Prevede, poi, l’art. 1357 del Codice civile la possibilità per l’acquirente di diritti a condizione risolutiva o sospensiva di porre in essere, durante la pendenza della condizione, atti dispositivi del diritto in oggetto, ma precisando che gli effetti di ogni atto di disposizione sono “subordinati alla stessa condizione”.

Gli atti dispositivi in questione sono, dunque, negozi commutativi, a cui è apposta una condizione, individuata per relationem al negozio principale, in ciò distinguendosi dai negozi dispositivi dell’aspettativa (situazione giuridica di “diritto al diritto” di cui è titolare colui che acquisterà definitivamente il diritto all’avverarsi della condizione sospensiva o risolutiva), cioè negozi aleatori, che rimangono in piedi a prescindere dall’avveramento o dalla mancanza della condizione, l’alea dell’avveramento della quale è dunque in questo caso sopportata dal cessionario.

L’art. 1358 del Codice civile, poi, sancisce l’obbligo delle parti di comportarsi secondo buona fede durante la pendenza della condizione, al fine di conservare integre le ragioni della controparte, che comporta, in caso di violazione, una responsabilità risarcitoria.

Da ultimo, l’art. 1360 del Codice civile sancisce la cosiddetta retroattività reale (che travolge, cioè, anche i diritti medio tempore acquistati dai terzi aventi causa) dell’avveramento o della mancanza della condizione ed in particolare prevede che “Gli effetti dell’avveramento della condizione retroagiscono al tempo in cui è stato concluso il contratto, salvo che, per volontà delle parti o per la natura del rapporto, gli effetti del contratto o della risoluzione debbano essere riportati a un momento diverso.
Se però la condizione risolutiva è apposta a un contratto a esecuzione continuata o periodica, l’avveramento di essa, in mancanza di patto contrario, non ha effetto riguardo alle prestazioni già eseguite”.

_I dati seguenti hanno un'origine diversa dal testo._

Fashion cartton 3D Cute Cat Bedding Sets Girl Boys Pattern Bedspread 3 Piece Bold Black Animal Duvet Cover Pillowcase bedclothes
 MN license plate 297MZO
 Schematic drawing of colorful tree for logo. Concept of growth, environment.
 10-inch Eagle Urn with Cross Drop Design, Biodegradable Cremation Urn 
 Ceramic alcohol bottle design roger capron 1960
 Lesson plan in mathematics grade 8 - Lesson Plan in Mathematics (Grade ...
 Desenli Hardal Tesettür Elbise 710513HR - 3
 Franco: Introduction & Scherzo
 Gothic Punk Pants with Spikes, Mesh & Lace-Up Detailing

Ancora diversa è la cosiddetta inefficacia relativa del negozio, prevista dal legislatore in alcune ipotesi tassative, che consiste nella inopponibilità a specifici soggetti di un negozio che è, per il resto, assolutamente valido ed efficace: si pensi, ad esempio, alla vendita di un bene che è stato oggetto di sequestro conservativo, che, ex art. 2906 del Codice civile, “non ha effetto in pregiudizio del creditore sequestrante”.

L’inesistenza

A stretto rigore, se, come detto, il negozio nullo si considera tamquam non esset, non si dovrebbe distinguere tra negozio nullo ed inesistente, in quanto entrambi i fenomeni (nullità e inesistenza) riguarderebbero un negozio affetto da un vizio genetico che lo rende del tutto inidoneo a produrre effetti giuridici: è stato, infatti, affermato in dottrina che, se il negozio giuridico è la manifestazione di volontà diretta alla produzione di effetti voluti dalle parti e riconosciuti dall’ordinamento, quando tale manifestazione di volontà non può produrre effetti, non è neanche qualificabile come negozio.

Tuttavia, la prevalente dottrina e la giurisprudenza tengono distinte le due figure dell’invalidità e dell’inesistenza, definendo quest’ultima come la fattispecie non semplicemente viziata, ma che difetta del tutto dei requisiti minimi perché si possa affermare l’esistenza di un negozio giuridico, ancorché nullo. Ad esempio, sarebbe inesistente il negozio non manifestato neanche oralmente, ma rimasto nel pensiero del contraente, oppure il negozio concluso per scherzo, a scopo rappresentativo o didattico.

A tale distinzione, tra l’altro, gli Autori ricollegano importanti conseguenze pratiche, in quanto, a differenza del negozio nullo, il negozio inesistente:

– Non può essere convertito;

– Non può essere sanato (neppure nei casi eccezionali in cui la legge prevede tale possibilità per il negozio nullo);

– Non può essere trascritto (e dunque non possono neanche mai prodursi gli effetti della cosiddetta pubblicità sanante, di cui sopra).

Se, pertanto, si ritiene, da un lato, di dover riconoscere dignità dogmatica alla categoria giuridica dell’inesistenza, autonoma rispetto a quella della nullità, si rileva, dall’altro lato, che la legge spesso non fornisce elementi sufficienti per determinare quando un negozio sia inesistente: si pensi, ad esempio, al testamento nuncupativo (cioè, reso in forma orale), considerato da alcuni un testamento nullo, e da altri radicalmente inesistente, facendo leva sul principio del formalismo, che caratterizza l’intera disciplina del negozio testamentario.